(DATA LISTING Opens)

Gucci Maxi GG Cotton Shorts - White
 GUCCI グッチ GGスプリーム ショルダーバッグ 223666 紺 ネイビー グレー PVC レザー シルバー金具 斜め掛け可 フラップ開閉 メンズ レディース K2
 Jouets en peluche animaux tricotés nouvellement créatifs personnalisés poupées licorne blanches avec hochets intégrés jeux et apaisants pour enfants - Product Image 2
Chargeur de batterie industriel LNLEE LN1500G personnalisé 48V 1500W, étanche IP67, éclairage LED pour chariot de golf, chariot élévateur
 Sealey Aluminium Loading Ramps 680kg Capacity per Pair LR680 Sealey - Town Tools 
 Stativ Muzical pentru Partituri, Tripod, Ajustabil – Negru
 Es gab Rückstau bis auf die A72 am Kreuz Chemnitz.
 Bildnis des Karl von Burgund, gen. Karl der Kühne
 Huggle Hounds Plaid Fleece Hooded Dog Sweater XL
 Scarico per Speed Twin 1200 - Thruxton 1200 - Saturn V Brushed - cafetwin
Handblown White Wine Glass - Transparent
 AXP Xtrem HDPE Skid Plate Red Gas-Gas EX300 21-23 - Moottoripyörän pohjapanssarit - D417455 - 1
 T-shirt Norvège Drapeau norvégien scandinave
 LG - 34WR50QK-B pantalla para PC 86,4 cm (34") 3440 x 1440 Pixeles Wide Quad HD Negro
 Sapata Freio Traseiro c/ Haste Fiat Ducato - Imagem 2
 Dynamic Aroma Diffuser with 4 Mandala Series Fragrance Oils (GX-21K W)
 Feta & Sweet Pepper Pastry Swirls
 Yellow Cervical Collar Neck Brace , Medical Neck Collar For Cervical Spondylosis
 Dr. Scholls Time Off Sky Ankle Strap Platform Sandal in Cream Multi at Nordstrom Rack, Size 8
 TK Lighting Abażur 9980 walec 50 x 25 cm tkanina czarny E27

(DATA LISTING Closes)

# [WHAT THE TASK REQUIRES]
Print each entry above word for word, leaving none out.

# [PROBLEM SOLUTION]
Gucci Maxi GG Cotton Shorts - White
 GUCCI グッチ GGスプリーム ショルダーバッグ 223666 紺 ネイビー グレー PVC レザー シルバー金具 斜め掛け可 フラップ開閉 メンズ レディース K2
 Jouets en peluche animaux tricotés nouvellement créatifs personnalisés poupées licorne blanches avec hochets intégrés jeux et apaisants pour enfants - Product Image 2
Chargeur de batterie industriel LNLEE LN1500G personnalisé 48V 1500W, étanche IP67, éclairage LED pour chariot de golf, chariot élévateur
 Sealey Aluminium Loading Ramps 680kg Capacity per Pair LR680 Sealey - Town Tools 
 Stativ Muzical pentru Partituri, Tripod, Ajustabil – Negru
 Es gab Rückstau bis auf die A72 am Kreuz Chemnitz.
 Bildnis des Karl von Burgund, gen. Karl der Kühne
 Huggle Hounds Plaid Fleece Hooded Dog Sweater XL
 Scarico per Speed Twin 1200 - Thruxton 1200 - Saturn V Brushed - cafetwin
Handblown White Wine Glass - Transparent
 AXP Xtrem HDPE Skid Plate Red Gas-Gas EX300 21-23 - Moottoripyörän pohjapanssarit - D417455 - 1
 T-shirt Norvège Drapeau norvégien scandinave
 LG - 34WR50QK-B pantalla para PC 86,4 cm (34") 3440 x 1440 Pixeles Wide Quad HD Negro
 Sapata Freio Traseiro c/ Haste Fiat Ducato - Imagem 2
 Dynamic Aroma Diffuser with 4 Mandala Series Fragrance Oils (GX-21K W)
 Feta & Sweet Pepper Pastry Swirls
 Yellow Cervical Collar Neck Brace , Medical Neck Collar For Cervical Spondylosis
 Dr. Scholls Time Off Sky Ankle Strap Platform Sandal in Cream Multi at Nordstrom Rack, Size 8
 TK Lighting Abażur 9980 walec 50 x 25 cm tkanina czarny E27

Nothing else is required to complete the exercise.